Quer durch Galerien
Luzifer & seine Hell's Angels
Von Claudia Aigner
Was machen g'rupfte, sprich ihrer Flügel beraubte und noch
dazu splitterfasernackte (also windschlüpfige) Engel in unserer
Erdatmosphäre? Sie fallen aus allen Wolken. Man hat ihnen ja quasi den
Aufwind unter der Anatomie weggezogen, wie man jemandem brutal das Brot
unter dem Wurstblattl wegzieht. Das nennt man Engelssturz. So etwas
ist bekanntlich dem Luzifer und seinen Anhängern passiert, die dann alle
der Schwerkraft entgegengeplumpst sind. Ungebremst. Der Fallschirm war ja
noch nicht erfunden (am sechsten Tag der Schöpfungsgeschichte, an dem nach
apokrypher Zeitrechnung der erste Rebell der Weltgeschichte aus dem Himmel
geworfen wurde). Und weil es den Fotoapparat damals auch noch nicht
gegeben hat, können die Fotos von den einprägsam männlichen "Flugkörpern"
(bis 23. November in der Galerie Charim, Dorotheergasse 12) nicht ganz
authentisch sein. Geben da womöglich die allerersten gefallenen Engel
6.174 Jahre danach ein Dakapo (Jahreszahl ohne Gewähr)? Oder ist das schon
eine Vorschau auf das endzeitliche Ausmisten des Luftraums, auch wenn der
Erzengel Michael nirgends seine Lanze in einen diabolischen Solarplexus
oder wenigstens brachialchirurgisch in eine Leber hineinrammt? Oder sieht
man hier eine wagemutige Stuntman-Truppe - nennen wir sie "Luzifer und
seine Hell's Angels" - beim todesverachtenden Sprung aus der Stratosphäre?

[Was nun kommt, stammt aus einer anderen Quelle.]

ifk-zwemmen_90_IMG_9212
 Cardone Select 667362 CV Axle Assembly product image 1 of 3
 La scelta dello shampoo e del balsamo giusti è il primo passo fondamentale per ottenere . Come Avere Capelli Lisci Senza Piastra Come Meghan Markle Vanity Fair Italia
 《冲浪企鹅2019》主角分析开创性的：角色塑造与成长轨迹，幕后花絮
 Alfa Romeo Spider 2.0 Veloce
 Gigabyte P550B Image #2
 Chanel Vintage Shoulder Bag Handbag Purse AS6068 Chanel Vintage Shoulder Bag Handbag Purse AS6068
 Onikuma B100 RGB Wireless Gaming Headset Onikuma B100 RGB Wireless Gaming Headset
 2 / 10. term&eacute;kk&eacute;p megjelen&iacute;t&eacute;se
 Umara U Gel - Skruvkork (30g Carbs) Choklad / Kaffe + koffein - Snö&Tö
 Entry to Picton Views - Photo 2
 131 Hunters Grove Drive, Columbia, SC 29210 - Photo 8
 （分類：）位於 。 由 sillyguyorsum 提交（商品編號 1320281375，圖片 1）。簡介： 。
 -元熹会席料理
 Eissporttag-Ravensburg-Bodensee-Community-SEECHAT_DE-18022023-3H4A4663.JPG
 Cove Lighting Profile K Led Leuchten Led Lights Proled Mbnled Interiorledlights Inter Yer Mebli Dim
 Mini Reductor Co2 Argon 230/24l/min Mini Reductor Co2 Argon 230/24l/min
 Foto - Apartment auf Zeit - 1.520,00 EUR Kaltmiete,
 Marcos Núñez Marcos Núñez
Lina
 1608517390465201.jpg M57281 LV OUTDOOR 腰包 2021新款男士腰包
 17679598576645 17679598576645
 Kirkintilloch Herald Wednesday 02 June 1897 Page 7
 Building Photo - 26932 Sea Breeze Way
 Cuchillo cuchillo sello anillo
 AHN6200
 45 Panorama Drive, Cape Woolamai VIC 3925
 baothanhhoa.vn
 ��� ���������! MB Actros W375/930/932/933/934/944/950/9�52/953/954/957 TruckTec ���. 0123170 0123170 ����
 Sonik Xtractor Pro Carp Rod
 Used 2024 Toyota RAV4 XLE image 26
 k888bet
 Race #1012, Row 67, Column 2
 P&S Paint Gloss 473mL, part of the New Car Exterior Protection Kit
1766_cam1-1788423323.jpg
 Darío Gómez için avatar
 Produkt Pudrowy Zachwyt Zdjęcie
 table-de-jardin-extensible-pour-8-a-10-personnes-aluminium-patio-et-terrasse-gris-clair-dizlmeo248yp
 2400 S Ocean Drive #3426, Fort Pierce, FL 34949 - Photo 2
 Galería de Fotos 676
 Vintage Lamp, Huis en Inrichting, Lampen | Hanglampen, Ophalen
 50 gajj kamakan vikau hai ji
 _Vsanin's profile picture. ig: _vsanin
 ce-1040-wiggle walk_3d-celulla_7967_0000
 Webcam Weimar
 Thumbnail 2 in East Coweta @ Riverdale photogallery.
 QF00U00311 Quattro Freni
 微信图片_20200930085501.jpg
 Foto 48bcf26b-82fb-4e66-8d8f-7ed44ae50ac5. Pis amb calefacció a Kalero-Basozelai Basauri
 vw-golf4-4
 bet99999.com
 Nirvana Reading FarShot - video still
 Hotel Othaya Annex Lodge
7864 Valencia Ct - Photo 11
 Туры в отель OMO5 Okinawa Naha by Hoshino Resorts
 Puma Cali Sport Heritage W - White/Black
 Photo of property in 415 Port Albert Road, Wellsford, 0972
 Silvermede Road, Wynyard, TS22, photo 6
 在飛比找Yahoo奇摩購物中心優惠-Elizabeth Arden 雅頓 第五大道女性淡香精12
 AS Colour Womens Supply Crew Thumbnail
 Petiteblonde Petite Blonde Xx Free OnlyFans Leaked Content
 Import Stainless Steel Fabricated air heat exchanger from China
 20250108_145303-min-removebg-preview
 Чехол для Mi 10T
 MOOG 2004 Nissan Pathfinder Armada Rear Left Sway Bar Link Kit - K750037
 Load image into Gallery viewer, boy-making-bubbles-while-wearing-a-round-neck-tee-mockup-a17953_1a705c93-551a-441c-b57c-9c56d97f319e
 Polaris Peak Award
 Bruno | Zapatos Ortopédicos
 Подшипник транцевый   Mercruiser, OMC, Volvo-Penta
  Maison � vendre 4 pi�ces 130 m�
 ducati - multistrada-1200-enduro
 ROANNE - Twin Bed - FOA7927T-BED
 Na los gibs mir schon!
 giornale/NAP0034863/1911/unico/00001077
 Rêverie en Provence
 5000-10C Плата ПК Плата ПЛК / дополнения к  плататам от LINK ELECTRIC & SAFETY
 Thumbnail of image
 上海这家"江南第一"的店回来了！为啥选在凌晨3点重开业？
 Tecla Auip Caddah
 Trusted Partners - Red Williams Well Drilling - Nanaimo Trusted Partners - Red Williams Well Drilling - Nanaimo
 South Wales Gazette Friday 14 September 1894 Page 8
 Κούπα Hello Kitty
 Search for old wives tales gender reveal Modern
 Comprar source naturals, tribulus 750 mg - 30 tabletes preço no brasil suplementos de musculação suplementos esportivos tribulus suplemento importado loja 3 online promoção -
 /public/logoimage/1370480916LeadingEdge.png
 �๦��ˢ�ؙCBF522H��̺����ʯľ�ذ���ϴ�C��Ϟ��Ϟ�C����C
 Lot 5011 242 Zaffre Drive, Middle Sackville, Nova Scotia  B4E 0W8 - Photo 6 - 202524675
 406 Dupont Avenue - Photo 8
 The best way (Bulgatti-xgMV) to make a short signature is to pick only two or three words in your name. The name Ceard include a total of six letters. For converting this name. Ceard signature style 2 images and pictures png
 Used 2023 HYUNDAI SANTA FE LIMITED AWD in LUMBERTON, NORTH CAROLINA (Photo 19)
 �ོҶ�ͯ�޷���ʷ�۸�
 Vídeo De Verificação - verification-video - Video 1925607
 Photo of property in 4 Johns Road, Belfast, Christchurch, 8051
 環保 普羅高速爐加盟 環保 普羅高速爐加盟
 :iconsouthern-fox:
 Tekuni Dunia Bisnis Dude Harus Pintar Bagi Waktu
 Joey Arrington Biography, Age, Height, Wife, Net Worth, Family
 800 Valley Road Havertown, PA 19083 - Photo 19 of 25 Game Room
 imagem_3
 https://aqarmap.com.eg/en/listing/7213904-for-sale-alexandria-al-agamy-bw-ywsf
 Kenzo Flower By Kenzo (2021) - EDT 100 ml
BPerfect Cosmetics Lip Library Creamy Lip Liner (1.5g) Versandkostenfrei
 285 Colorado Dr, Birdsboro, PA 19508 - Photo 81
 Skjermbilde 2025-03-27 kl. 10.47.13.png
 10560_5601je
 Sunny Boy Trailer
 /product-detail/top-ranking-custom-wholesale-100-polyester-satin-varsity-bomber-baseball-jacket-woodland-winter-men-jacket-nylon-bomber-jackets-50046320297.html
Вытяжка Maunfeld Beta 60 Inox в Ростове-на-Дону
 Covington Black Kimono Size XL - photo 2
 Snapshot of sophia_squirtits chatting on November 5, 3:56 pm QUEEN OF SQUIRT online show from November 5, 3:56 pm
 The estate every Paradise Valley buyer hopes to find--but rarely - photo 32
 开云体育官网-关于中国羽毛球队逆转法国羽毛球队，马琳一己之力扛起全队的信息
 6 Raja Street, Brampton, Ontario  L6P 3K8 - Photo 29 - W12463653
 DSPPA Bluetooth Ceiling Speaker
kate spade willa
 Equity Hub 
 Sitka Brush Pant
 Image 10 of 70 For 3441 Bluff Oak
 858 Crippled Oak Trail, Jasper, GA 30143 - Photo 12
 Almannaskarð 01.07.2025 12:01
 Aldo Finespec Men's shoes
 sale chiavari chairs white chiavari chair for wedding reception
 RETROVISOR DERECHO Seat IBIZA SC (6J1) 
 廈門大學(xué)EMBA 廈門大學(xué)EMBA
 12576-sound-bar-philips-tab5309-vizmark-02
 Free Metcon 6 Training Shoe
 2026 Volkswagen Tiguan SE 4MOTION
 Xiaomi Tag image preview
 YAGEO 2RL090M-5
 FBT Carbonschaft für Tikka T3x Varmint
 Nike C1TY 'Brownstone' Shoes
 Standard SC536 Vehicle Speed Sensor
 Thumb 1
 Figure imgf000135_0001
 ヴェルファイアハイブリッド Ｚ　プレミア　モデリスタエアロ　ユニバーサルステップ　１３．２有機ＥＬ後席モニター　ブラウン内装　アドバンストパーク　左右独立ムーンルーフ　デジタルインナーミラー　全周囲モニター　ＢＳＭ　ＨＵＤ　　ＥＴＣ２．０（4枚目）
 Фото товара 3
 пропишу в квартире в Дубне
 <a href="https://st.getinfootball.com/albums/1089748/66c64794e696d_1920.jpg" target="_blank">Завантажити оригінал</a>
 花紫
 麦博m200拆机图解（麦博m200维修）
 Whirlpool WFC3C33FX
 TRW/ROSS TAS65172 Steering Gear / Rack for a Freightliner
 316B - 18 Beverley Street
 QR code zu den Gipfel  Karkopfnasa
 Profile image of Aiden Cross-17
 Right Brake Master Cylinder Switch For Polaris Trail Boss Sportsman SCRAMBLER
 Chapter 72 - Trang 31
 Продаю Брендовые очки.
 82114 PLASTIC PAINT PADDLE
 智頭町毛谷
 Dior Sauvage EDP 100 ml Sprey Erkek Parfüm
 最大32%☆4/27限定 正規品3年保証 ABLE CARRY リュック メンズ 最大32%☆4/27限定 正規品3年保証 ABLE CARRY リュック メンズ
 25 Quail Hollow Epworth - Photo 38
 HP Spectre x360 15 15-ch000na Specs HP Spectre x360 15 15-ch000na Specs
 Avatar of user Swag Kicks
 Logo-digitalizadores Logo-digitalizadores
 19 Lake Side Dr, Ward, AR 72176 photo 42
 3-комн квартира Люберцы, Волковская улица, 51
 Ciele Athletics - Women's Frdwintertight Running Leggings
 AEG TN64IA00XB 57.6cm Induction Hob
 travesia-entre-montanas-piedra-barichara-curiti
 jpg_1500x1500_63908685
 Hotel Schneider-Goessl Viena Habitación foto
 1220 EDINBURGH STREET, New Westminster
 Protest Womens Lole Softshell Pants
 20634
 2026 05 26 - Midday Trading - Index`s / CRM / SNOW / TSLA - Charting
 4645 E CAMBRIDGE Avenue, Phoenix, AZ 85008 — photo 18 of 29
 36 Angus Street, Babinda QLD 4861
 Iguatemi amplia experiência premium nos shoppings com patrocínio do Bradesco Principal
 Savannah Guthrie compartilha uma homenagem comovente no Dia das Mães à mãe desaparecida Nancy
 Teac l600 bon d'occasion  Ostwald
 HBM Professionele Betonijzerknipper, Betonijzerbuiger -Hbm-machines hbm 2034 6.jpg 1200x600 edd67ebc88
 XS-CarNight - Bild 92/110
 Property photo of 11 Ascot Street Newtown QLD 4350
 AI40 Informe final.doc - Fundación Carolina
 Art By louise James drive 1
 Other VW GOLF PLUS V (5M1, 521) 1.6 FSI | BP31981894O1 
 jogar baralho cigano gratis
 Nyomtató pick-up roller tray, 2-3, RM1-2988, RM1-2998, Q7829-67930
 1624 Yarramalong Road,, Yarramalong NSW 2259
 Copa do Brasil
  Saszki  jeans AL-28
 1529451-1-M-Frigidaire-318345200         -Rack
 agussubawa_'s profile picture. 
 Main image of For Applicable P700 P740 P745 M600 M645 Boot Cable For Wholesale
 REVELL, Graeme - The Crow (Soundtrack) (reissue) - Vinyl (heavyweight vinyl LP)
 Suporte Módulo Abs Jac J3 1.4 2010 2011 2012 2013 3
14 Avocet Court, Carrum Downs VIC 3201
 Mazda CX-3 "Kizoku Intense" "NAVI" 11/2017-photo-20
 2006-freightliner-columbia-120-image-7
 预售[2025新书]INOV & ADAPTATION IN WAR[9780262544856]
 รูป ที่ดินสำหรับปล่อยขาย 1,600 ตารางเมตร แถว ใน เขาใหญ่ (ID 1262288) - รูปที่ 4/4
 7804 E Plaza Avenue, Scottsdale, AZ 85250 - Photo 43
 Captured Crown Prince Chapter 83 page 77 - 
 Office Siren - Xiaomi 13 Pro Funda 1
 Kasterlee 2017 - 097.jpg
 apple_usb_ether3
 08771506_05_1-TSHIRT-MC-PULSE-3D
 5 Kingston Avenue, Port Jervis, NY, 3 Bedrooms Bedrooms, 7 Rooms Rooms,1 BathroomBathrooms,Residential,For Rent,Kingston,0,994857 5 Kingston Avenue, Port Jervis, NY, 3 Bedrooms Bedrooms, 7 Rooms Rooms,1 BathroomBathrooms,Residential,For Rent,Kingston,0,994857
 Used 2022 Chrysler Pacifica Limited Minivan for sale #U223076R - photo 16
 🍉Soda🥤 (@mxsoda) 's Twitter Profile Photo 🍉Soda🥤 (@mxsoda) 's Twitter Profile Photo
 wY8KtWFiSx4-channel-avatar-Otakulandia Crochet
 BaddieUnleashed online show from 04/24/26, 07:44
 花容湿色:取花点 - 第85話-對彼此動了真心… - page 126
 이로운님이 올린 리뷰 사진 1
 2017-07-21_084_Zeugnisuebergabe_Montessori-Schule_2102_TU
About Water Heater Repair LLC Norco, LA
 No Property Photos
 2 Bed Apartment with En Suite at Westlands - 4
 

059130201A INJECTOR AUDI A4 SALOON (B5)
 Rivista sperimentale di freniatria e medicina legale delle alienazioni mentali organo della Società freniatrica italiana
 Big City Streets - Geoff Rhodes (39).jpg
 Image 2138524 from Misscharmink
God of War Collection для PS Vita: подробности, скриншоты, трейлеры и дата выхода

Wahrscheinlich nicht. Man hat nämlich den Verdacht, dass jene Körperteile,
die außerhalb vom Bild liegen, ja eh angeschnallt sind. Die verdammt gut
gemachten Fotos von Brigitte Mayer haben mich "trotzdem" tief beeindruckt.
Menschen "aus Bodenhaltung" gibt es auch. Konvulsivisch verrenktes
Menschenfleisch. Das muss die Hölle sein (der weltgrößte Anbieter von
Gottlosigkeit und Strafvollzug). In der werden die Verdammten auch einen
Chiropraktiker nötig haben, der bei ihnen nachher alles wieder einrenkt.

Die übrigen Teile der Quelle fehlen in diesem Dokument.